● Exercise directions
Your response to the data below should hold nothing except the lines from the one containing "This cream can" down to the one containing "Hi and welcome", reproduced exactly and without pictures.

● Records supplied
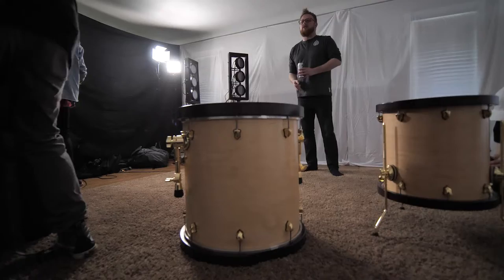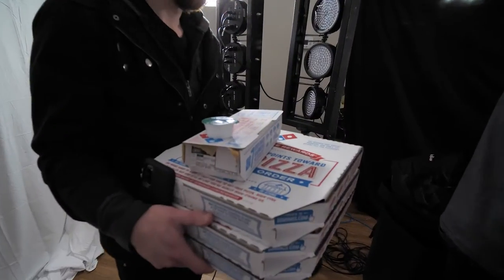Set up your instruments. Drums are gonna be the hardest, so start there. Take a pizza break — working hungry suuuuucks.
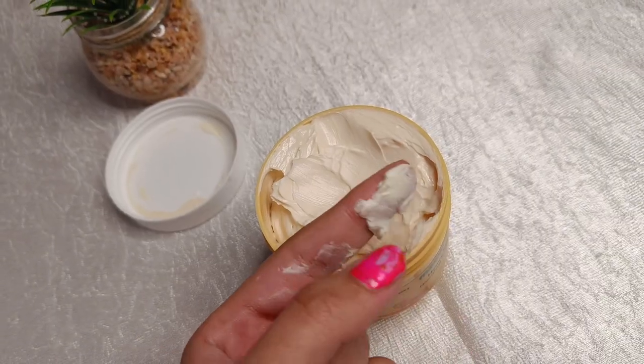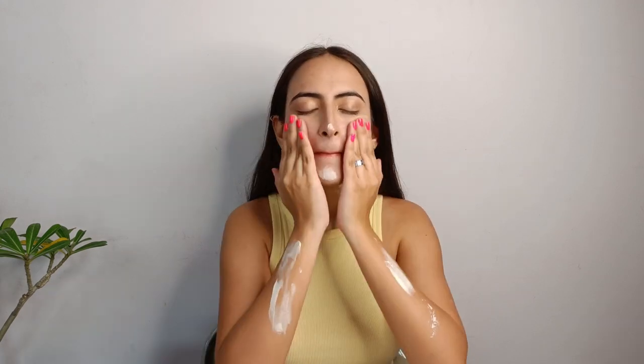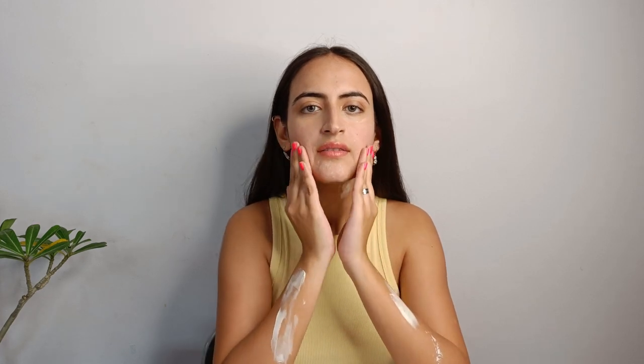This cream can also be used on your body. Scoop out the desired amount of cream and apply it on your face, neck and arms or any other part of your body which feels dry. Now gently massage in circular motions until the cream is completely absorbed. Since it's winter, you can apply this cream in the morning after your shower for all-day long hydration. Also remember that it is best to apply moisturizer when the skin is still moist, so the moisturizer provides extra hydration and locks all the moisture in the skin.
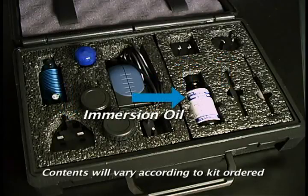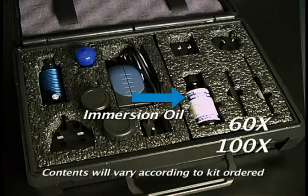Immersion oil is also provided and used when viewing slides with 60 and 100 times magnification.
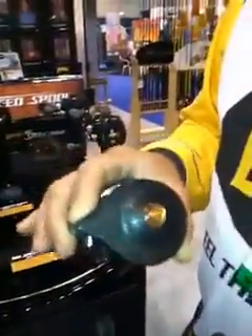Hi, I'm David Fritz. I'm over here at the Lews booth and I want to tell you about some new products, especially the BB-1. The new BB-1 is a replacement for the old, original Lews.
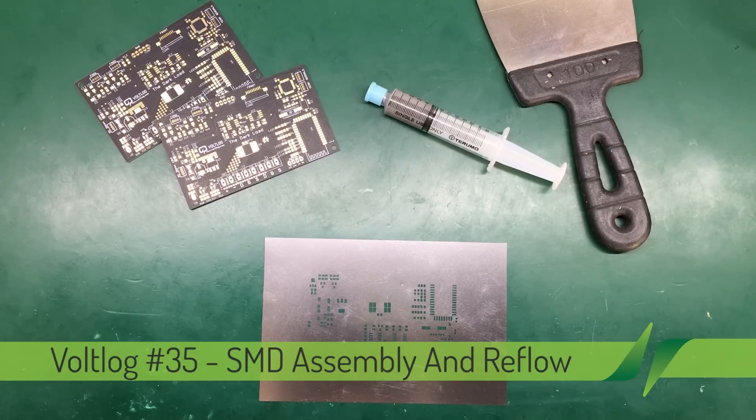Hi and welcome to a new VOLLOG. In this video I'm going to show you the method I use for assembling surface mount components and PCBs.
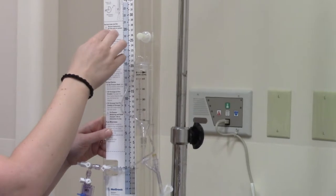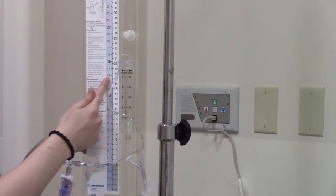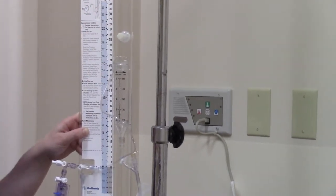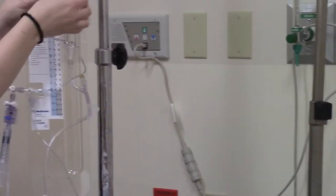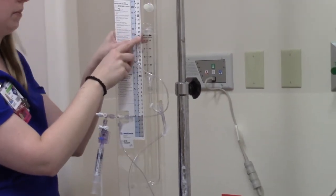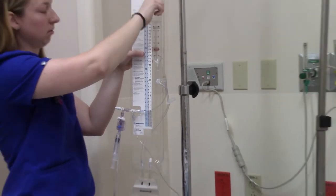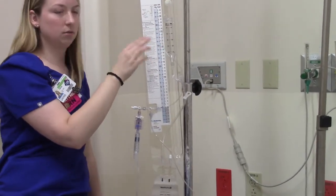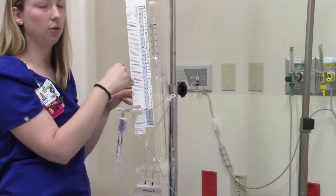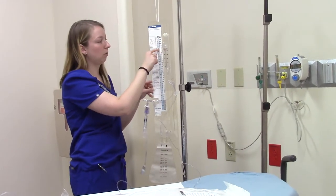Keep in mind there are two different measurements here: millimeters of mercury and centimeters of water. When they give you a number, if they don't specify, you need to ask whether that's 20 millimeters of mercury or 20 centimeters of water, because that's going to change what you set this up to. If they want it at 20 centimeters of water, you'll turn this counterclockwise and slide it up to where the arrow is at zero. If they want it at 20 millimeters of mercury, you'll slide it up to the 20 right here. Once that's set, it generally doesn't change unless your neurosurgeon tells you to. All you need to remember is there are two different units of measurement — clarify which one, and then this arrow will line up with whichever one you're using.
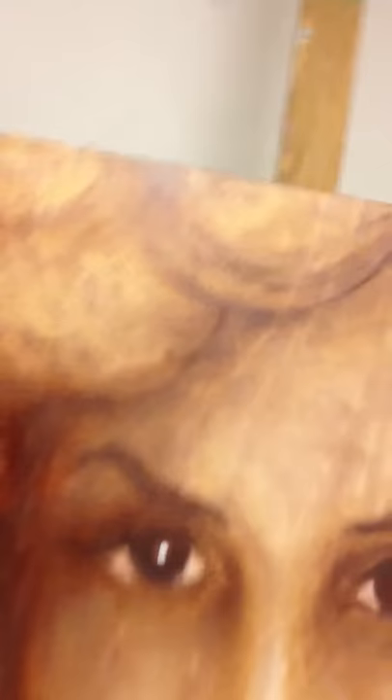It looks really cool. See, most of that is my strokes but there's wood grain in there.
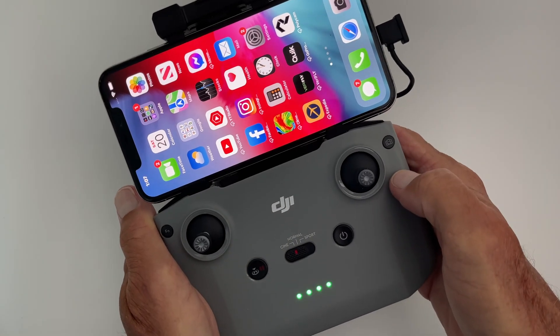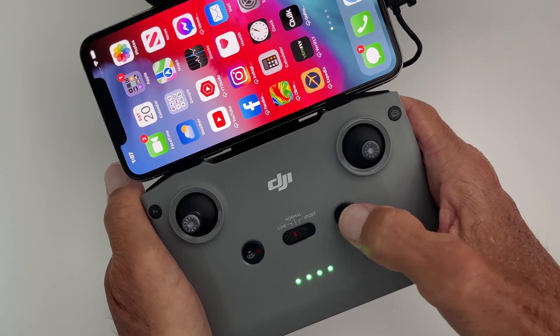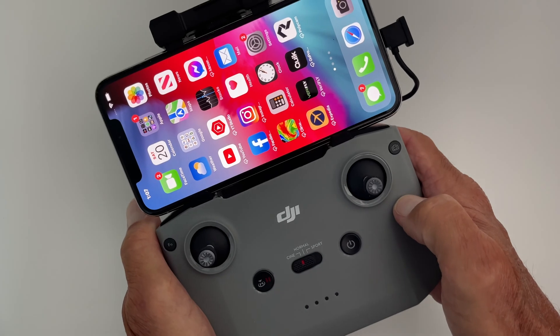In this video I'm going to show you how to turn off your DJI Mini 2 controller. What you're going to do is press this button once, then press and hold. It is off, and that's how you do it.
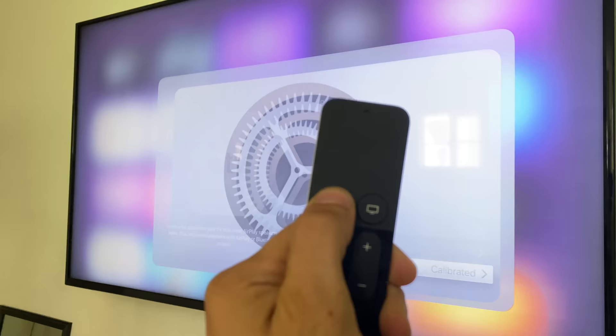And there we have it — that was all the cool new hidden features, tips, and tricks to really enhance your overall Apple TV experience. If you want to find other popular tips and tricks videos, check out these — covering all the features of the new AirPods and AirPods Pro.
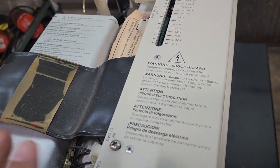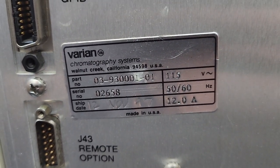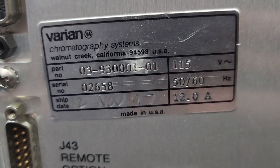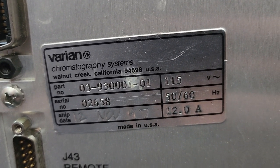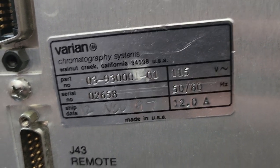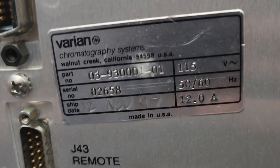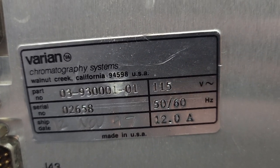I got the covers off here because I wanted to show you what I actually found back here, but let me get this tag over here. This is a Varian. You think I can read that? I'm sure it's easier to read on the screen, but I'm looking at my phone. 0393000 and then maybe 1-00. I can't read it. Let's take a picture of it.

● Solution
This cream can also be used on your body. Scoop out the desired amount of cream and apply it on your face, neck and arms or any other part of your body which feels dry. Now gently massage in circular motions until the cream is completely absorbed. Since it's winter, you can apply this cream in the morning after your shower for all-day long hydration. Also remember that it is best to apply moisturizer when the skin is still moist, so the moisturizer provides extra hydration and locks all the moisture in the skin.
Immersion oil is also provided and used when viewing slides with 60 and 100 times magnification.
Hi, I'm David Fritz. I'm over here at the Lews booth and I want to tell you about some new products, especially the BB-1. The new BB-1 is a replacement for the old, original Lews.
Hi and welcome to a new VOLLOG. In this video I'm going to show you the method I use for assembling surface mount components and PCBs.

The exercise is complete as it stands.